Il KKK, nelle sue varie forme, proseguì la sua attività e ha esercitato una notevole influenza sul potere politico fino ad oggi. Due presidenti, uno repubblicano e uno democratico, Harding e Truman, furono membri del Klan, e così noti senatori come Robert Byrd, Theodore Bilbo e Rice Means. Governatori statali come Edward Jackson (Indiana) e Clifford Walker (Georgia), come pure il sindaco di Los Angeles, John Porter, ne furono anch’essi membri. Così, la sua influenza si estese ben al di là del profondo Sud. Il Klan ha anche annoverato tra i suoi affiliati almeno due giudici della Corte Suprema, Edward Douglass White e Hugo Black. Infine, David Duke, “direttore nazionale” del “nazionalismo bianco” e Grand Wizard del KKK, si presentò alle primarie presidenziali democratiche del 1988. Negli anni 90 entrò a far parte del partito repubblicano e divenne presidente della sezione St. Tammany, in Louisiana.

Il KKK è ben lungi dall’essere un’organizzazione marginale. In effetti, come le milizie neonaziste, è uno degli strumenti repressivi impiegati dal capitalismo nordamericano contro i resistenti che possono sorgere.

Proprio perché nel 1865 il problema non è mai stata la “negritudine”, ma piuttosto l’organizzazione e la mobilitazione dei lavoratori in difesa dei loro diritti, J. Edgar Hoover e l’FBI hanno sempre visto con favore il KKK. Per Hoover, essere ebreo, o nero, e sovversivo era la stessa cosa. Così infatti venne perseguito Charlie Chaplin, noto membro del PC, accusato anche di essere ebreo («Non ho quest’onore», rispose Chaplin guadagnandosi l’odio permanente del razzista Hoover).

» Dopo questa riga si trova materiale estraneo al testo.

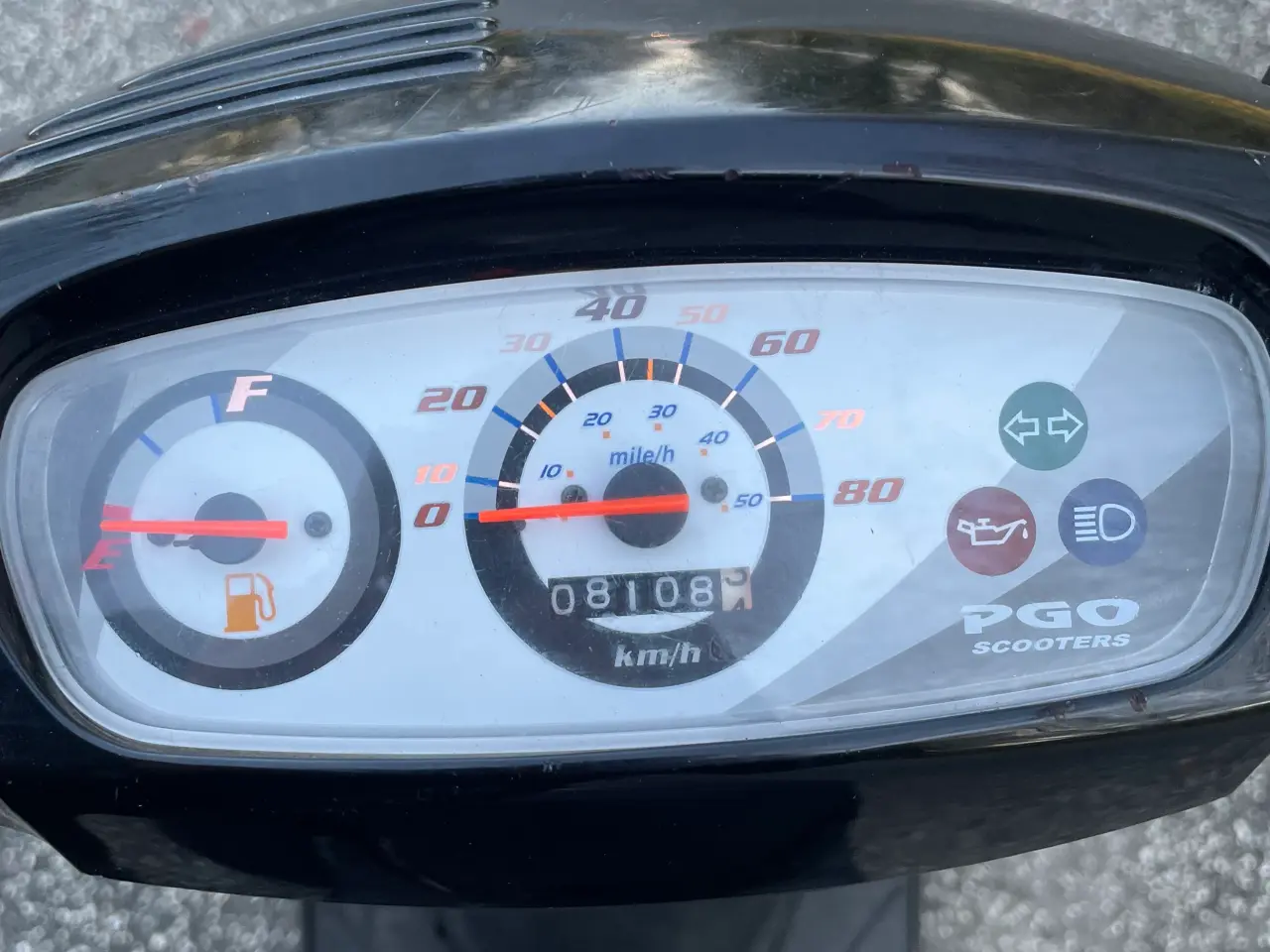 Billede 5 - Pgo hot 50 2 takt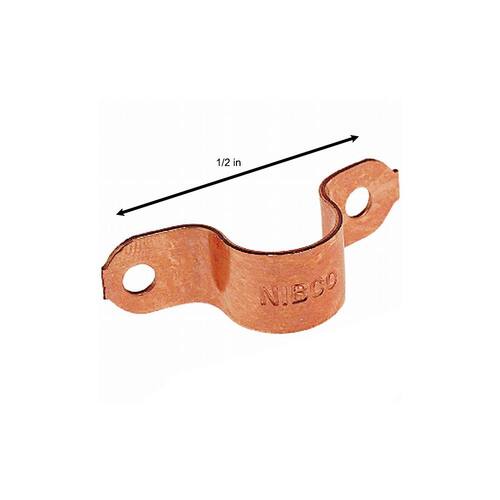 Strap for Pipe 1/2 in. Copper (5-Pack)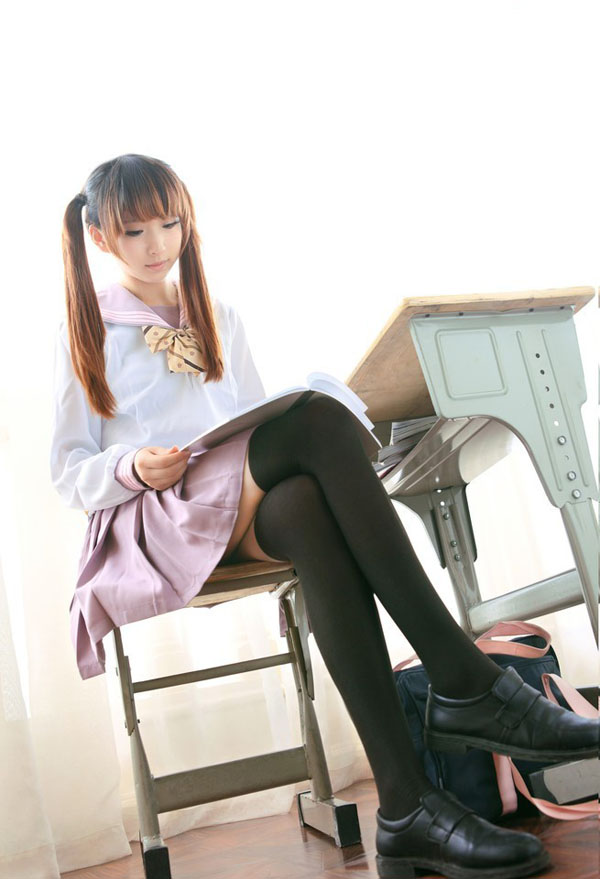 制服MM动人学生装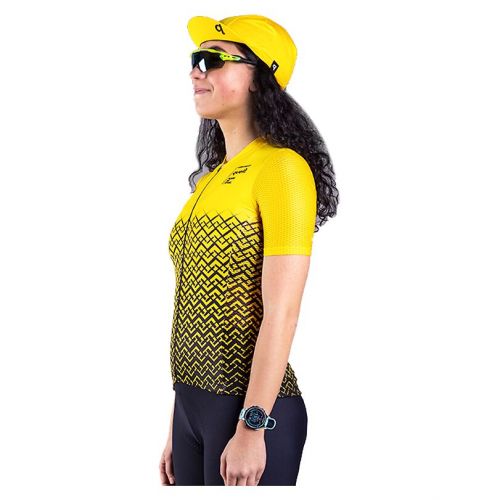 Koszulka rowerowa damska Quest Limone SS
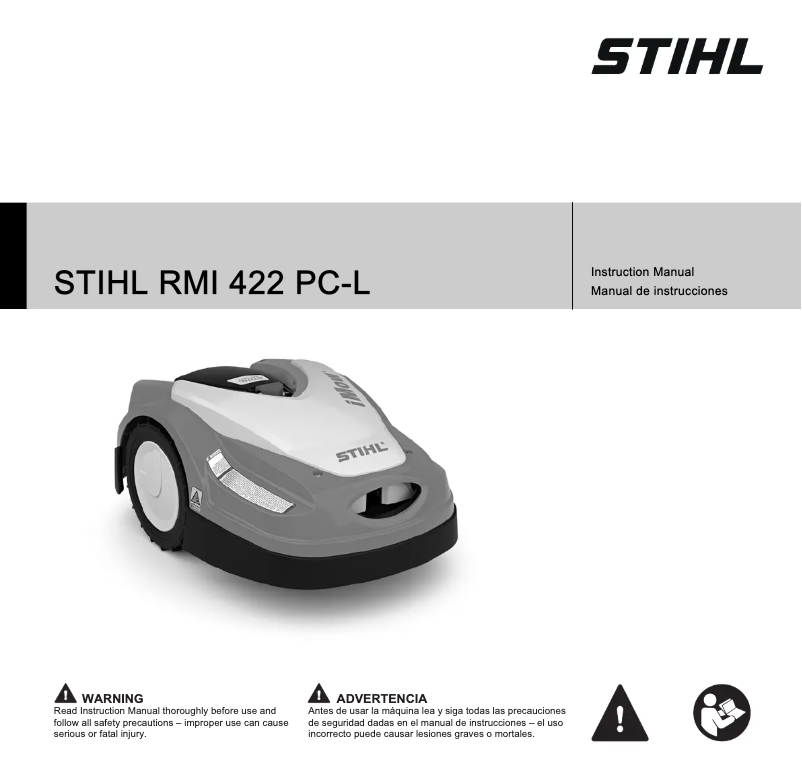 Page 1 de la notice Manuel utilisateur Stihl iMow RMI 422 PC-L
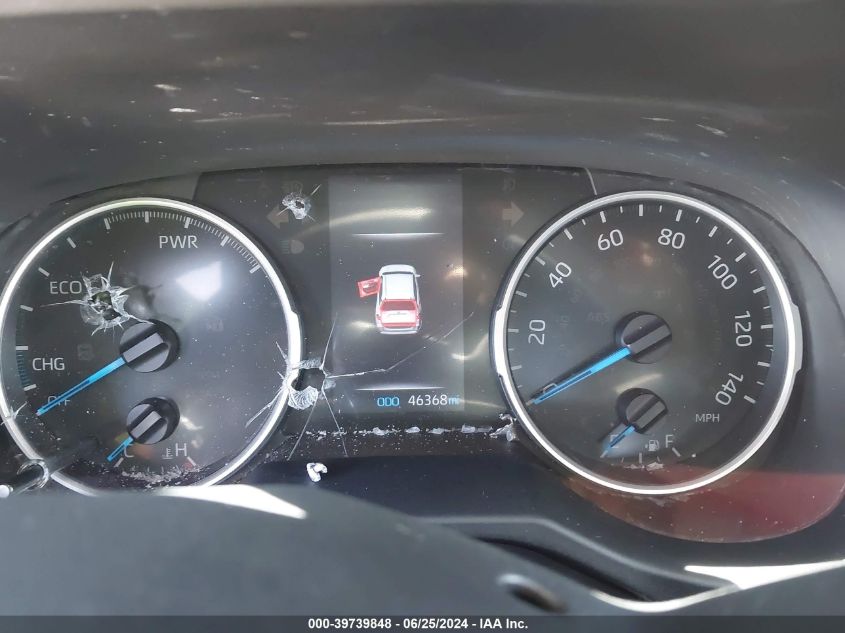 2020 Toyota Rav4 Hybrid Le VIN: 4T3MWRFV7LU005221 Lot: 39739848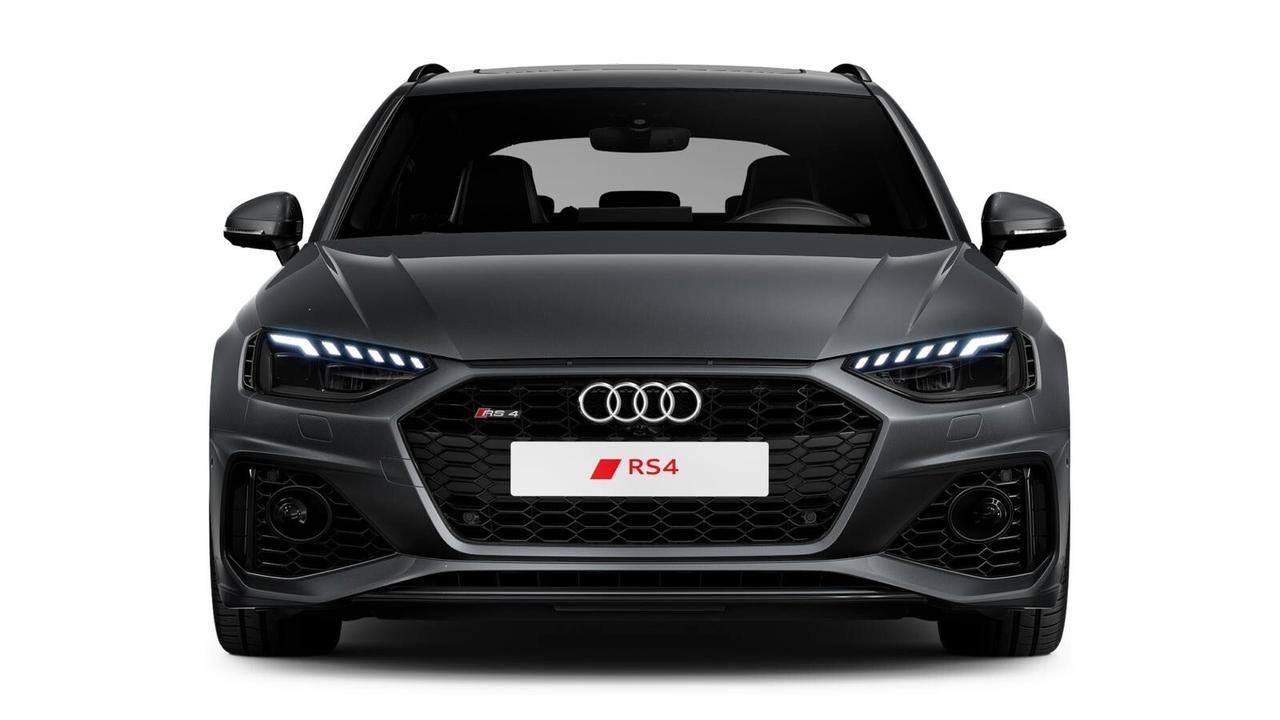AUDI RS4 AVANT 2.9 TFSI QUATTRO IN ARRIVO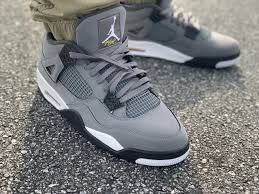 Jordan 4 Retro Cool Grey 308497-007 review Mason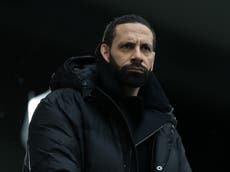Ole Gunnar Solskjaer: Rio Ferdinand claims it’s time for manager to leave Manchester United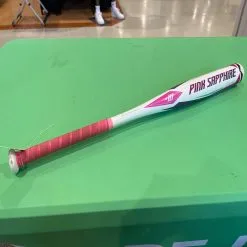 Used Easton Pink Sapphire Alloy Bat -10 20OZ 30"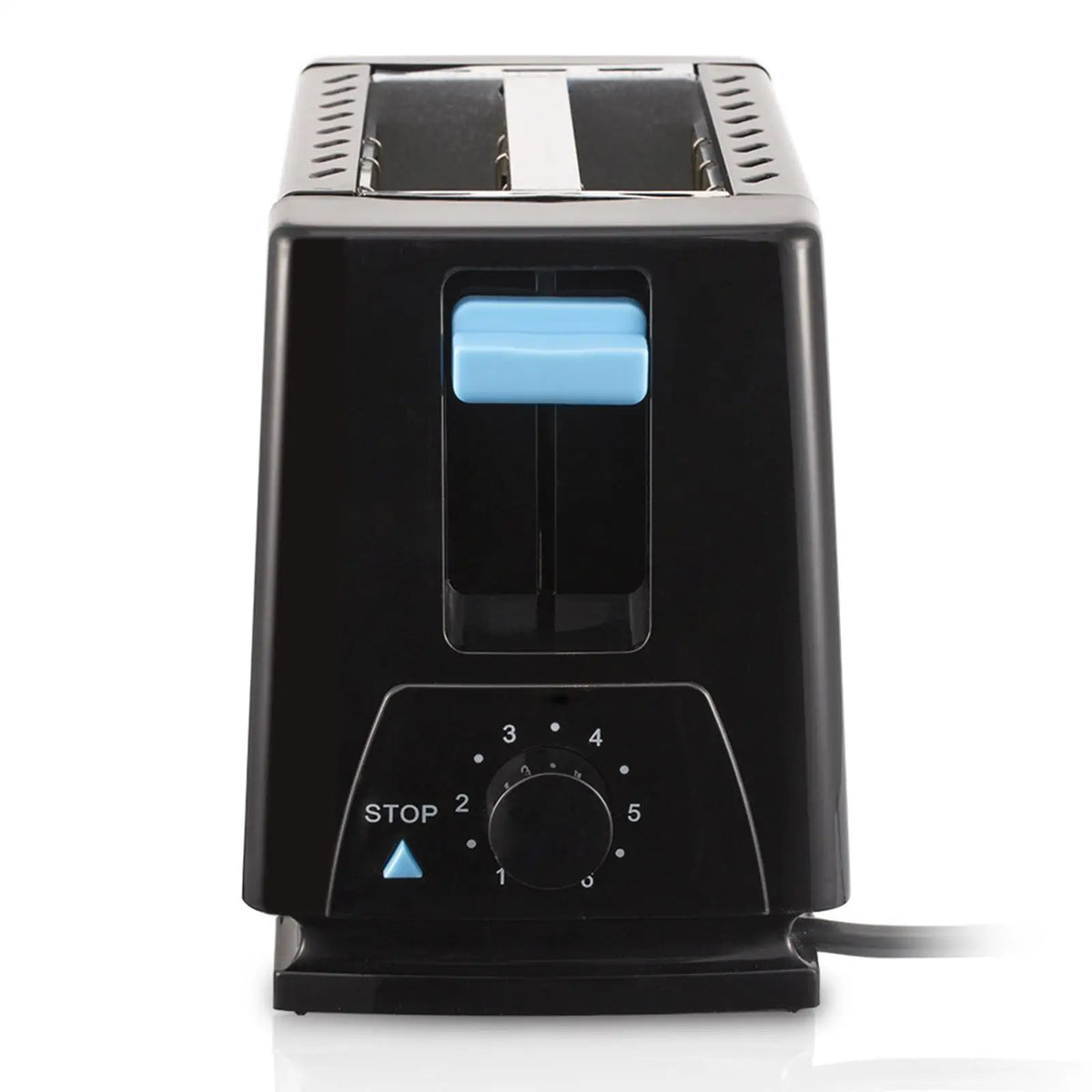 Electric Toaster, Kitchen Appliances, Compact, Sandwich Maker, Bread Maker, 2 Slice Toaster Machine for Puff Pastry Waffles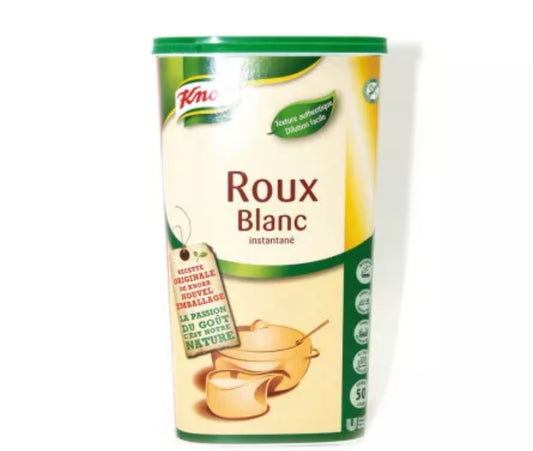 Roux blanco instantáneo deshidratado - 1kg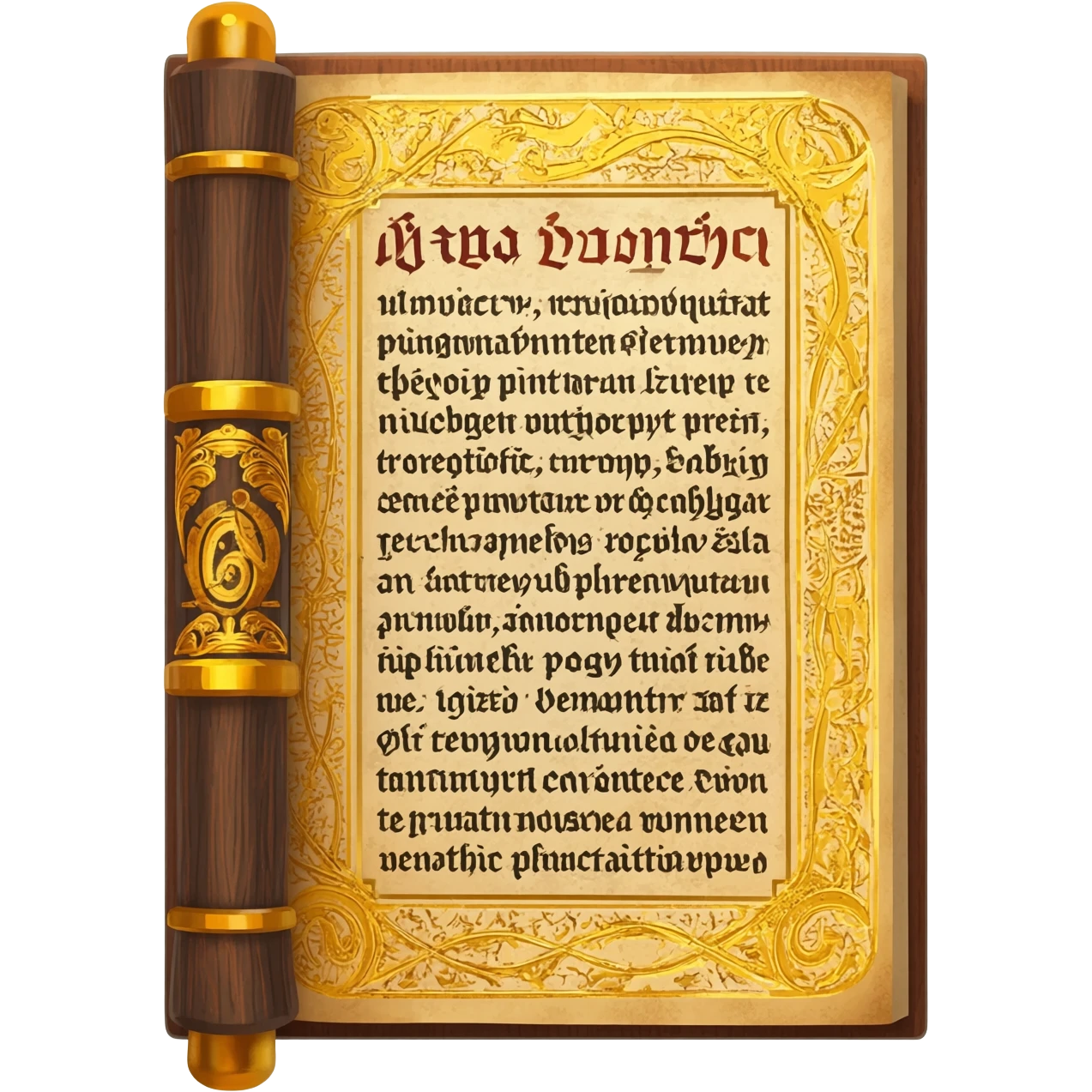 Old Testament emoji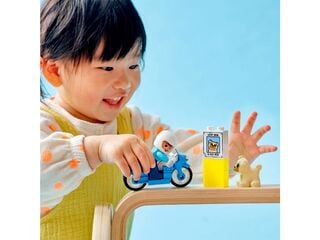 LEGO® Police Motorcycle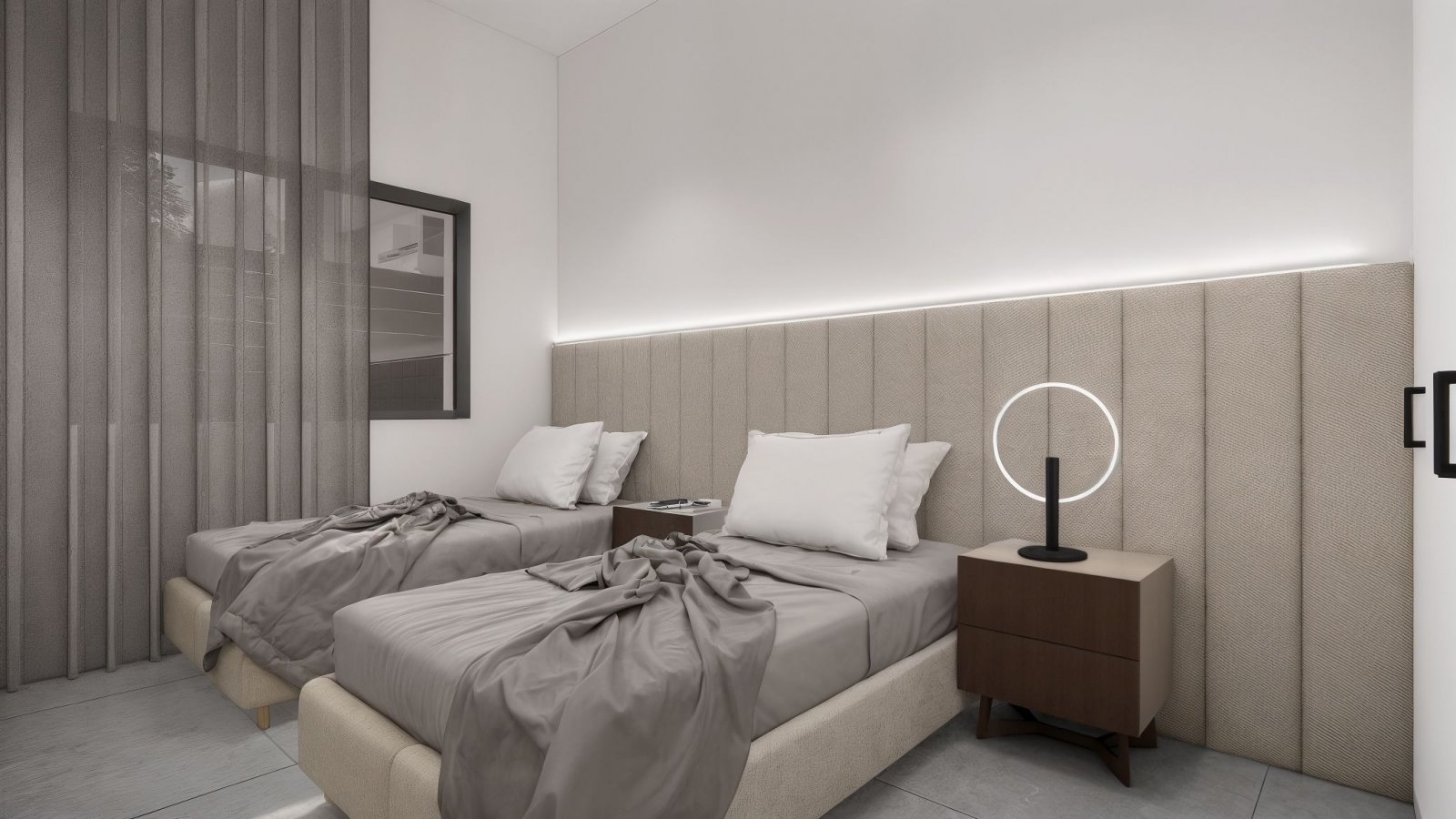 Modernes Stadthaus, privater Pool und Garten, La Herrada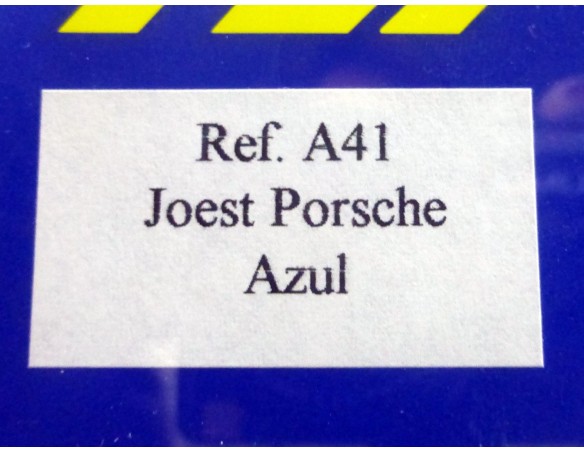 JOEST PORSCHE  “1º Le Mans 96”	Azul - Nº 7 REF.A41 FLY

Per la storiografia del Nord America, il KKK fu un’aberrazione e i presidenti Harding e Truman non l’avrebbero utilizzato che per avanzare politicamente. Pertanto, il razzismo è sempre parte integrante dei meccanismi di dominio degli Stati Uniti. Tuttavia, come dimostra la strage di Greensboro in Nord Carolina, il KKK è integrato nell’apparato statale che lo sostiene. Ad un evento organizzato dal Partito Comunista dei Lavoratori (CWP), il Klan e organizzazioni naziste americane si infiltrarono tra i partecipanti e parteciparono all’assassinio di cinque militanti del CWP. Nonostante le numerose testimonianze e un video della scena, la magistratura ha assolto i membri del KKK «perché sono stati provocati oltre ogni misura». Oggi, il Klan e i nazisti americani coordinano le loro attività attraverso la rivista Stormfront, per organizzare il “nazionalismo bianco”.

Il Southern Poverty Law Center sostiene che questo tipo di odiosa organizzazione ha decine di gruppi in tutto il Paese, 186 dei quali si considerano apertamente appartenenti al Klan e 196 al neonazismo. Vanno poi considerati 111 gruppi nazionalisti bianchi, 98 gruppi di skinhead e 93 gruppi neoconfederali.

Le liste degli affiliati disponibili sono istruttive. In esse troviamo molti poliziotti, soldati e agenti dell’FBI come membri di questi gruppi. Se potessimo accedere ai loro elenchi di “donatori”, certamente vi ritroveremmo alcuni dei più potenti padroni statunitensi, come i fratelli Koch e la famiglia Coors.